** Opening DATASET block **
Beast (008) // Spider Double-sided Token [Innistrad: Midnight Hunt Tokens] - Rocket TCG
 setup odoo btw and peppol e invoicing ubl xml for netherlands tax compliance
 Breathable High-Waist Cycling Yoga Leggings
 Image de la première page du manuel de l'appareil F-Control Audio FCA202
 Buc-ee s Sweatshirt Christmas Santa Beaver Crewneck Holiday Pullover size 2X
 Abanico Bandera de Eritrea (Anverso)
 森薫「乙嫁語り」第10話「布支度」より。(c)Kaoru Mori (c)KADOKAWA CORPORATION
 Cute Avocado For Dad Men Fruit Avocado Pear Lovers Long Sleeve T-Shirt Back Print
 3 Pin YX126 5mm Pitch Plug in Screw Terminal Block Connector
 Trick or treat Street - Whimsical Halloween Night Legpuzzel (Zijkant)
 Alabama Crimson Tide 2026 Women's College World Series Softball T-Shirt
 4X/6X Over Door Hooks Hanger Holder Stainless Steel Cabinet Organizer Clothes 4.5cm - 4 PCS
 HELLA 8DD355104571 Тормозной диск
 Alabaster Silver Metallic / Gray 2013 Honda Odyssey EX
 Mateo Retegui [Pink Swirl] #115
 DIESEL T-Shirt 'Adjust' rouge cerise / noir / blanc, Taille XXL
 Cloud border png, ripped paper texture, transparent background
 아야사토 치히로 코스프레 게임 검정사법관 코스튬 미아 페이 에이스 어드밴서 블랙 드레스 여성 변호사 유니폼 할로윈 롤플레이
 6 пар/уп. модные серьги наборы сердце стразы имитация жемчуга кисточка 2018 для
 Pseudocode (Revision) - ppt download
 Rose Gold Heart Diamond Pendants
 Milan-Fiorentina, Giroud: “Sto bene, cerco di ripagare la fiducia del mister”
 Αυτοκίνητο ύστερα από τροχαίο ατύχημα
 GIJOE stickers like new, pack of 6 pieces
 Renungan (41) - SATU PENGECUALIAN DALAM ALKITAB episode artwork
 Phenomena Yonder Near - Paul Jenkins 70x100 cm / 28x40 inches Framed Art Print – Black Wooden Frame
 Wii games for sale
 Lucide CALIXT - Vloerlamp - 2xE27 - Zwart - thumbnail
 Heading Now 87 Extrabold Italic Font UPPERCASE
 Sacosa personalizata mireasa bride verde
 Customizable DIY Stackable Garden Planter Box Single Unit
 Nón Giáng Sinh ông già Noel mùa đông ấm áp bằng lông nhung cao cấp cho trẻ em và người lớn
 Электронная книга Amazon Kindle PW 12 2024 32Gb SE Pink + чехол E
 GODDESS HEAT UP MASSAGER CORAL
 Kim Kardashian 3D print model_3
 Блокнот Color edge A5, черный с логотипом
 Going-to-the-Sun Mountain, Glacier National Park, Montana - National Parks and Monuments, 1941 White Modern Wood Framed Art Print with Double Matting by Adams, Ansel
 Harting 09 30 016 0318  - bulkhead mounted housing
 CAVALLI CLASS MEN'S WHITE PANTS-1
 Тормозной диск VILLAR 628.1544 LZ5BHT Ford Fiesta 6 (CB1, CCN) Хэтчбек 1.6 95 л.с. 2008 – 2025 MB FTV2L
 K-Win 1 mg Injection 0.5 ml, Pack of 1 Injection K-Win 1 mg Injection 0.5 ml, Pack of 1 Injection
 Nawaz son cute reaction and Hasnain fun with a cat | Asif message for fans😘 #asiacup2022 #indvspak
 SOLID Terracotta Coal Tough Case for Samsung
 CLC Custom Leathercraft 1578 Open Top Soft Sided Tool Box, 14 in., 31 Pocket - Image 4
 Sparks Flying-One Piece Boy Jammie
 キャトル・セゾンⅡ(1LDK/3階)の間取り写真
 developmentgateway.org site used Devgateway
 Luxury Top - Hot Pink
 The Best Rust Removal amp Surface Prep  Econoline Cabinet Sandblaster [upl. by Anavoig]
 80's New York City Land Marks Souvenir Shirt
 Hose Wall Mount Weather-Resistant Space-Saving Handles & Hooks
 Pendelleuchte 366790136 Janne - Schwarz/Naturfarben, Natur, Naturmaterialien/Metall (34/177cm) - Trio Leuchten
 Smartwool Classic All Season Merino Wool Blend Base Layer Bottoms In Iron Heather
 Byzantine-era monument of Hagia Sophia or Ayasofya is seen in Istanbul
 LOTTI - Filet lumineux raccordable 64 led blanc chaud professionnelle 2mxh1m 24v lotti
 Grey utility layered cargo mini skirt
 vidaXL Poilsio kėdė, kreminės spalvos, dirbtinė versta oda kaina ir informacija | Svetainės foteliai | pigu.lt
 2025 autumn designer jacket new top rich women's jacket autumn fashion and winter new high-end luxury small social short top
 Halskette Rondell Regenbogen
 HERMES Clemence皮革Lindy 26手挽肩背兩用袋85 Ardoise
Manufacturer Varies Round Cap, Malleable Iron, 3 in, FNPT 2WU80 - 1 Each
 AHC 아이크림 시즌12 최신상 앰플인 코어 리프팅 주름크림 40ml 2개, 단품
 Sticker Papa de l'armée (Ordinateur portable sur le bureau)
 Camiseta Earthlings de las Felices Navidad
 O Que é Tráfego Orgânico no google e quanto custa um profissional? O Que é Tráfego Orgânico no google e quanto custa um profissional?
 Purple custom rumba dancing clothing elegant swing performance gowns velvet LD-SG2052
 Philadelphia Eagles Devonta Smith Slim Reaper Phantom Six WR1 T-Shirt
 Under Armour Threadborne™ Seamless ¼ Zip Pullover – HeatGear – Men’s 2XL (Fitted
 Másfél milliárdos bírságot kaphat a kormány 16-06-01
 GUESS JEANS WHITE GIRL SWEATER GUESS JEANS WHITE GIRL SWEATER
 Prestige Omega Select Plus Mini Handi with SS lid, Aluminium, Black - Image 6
** Closing DATASET block **
Where the data above reaches the line holding "Alabama Crimson Tide", begin printing, and stop after the line holding "Тормозной диск VILLAR". Each line must be reproduced exactly, with nothing else added.

 Alabama Crimson Tide 2026 Women's College World Series Softball T-Shirt
 4X/6X Over Door Hooks Hanger Holder Stainless Steel Cabinet Organizer Clothes 4.5cm - 4 PCS
 HELLA 8DD355104571 Тормозной диск
 Alabaster Silver Metallic / Gray 2013 Honda Odyssey EX
 Mateo Retegui [Pink Swirl] #115
 DIESEL T-Shirt 'Adjust' rouge cerise / noir / blanc, Taille XXL
 Cloud border png, ripped paper texture, transparent background
 아야사토 치히로 코스프레 게임 검정사법관 코스튬 미아 페이 에이스 어드밴서 블랙 드레스 여성 변호사 유니폼 할로윈 롤플레이
 6 пар/уп. модные серьги наборы сердце стразы имитация жемчуга кисточка 2018 для
 Pseudocode (Revision) - ppt download
 Rose Gold Heart Diamond Pendants
 Milan-Fiorentina, Giroud: “Sto bene, cerco di ripagare la fiducia del mister”
 Αυτοκίνητο ύστερα από τροχαίο ατύχημα
 GIJOE stickers like new, pack of 6 pieces
 Renungan (41) - SATU PENGECUALIAN DALAM ALKITAB episode artwork
 Phenomena Yonder Near - Paul Jenkins 70x100 cm / 28x40 inches Framed Art Print – Black Wooden Frame
 Wii games for sale
 Lucide CALIXT - Vloerlamp - 2xE27 - Zwart - thumbnail
 Heading Now 87 Extrabold Italic Font UPPERCASE
 Sacosa personalizata mireasa bride verde
 Customizable DIY Stackable Garden Planter Box Single Unit
 Nón Giáng Sinh ông già Noel mùa đông ấm áp bằng lông nhung cao cấp cho trẻ em và người lớn
 Электронная книга Amazon Kindle PW 12 2024 32Gb SE Pink + чехол E
 GODDESS HEAT UP MASSAGER CORAL
 Kim Kardashian 3D print model_3
 Блокнот Color edge A5, черный с логотипом
 Going-to-the-Sun Mountain, Glacier National Park, Montana - National Parks and Monuments, 1941 White Modern Wood Framed Art Print with Double Matting by Adams, Ansel
 Harting 09 30 016 0318  - bulkhead mounted housing
 CAVALLI CLASS MEN'S WHITE PANTS-1
 Тормозной диск VILLAR 628.1544 LZ5BHT Ford Fiesta 6 (CB1, CCN) Хэтчбек 1.6 95 л.с. 2008 – 2025 MB FTV2L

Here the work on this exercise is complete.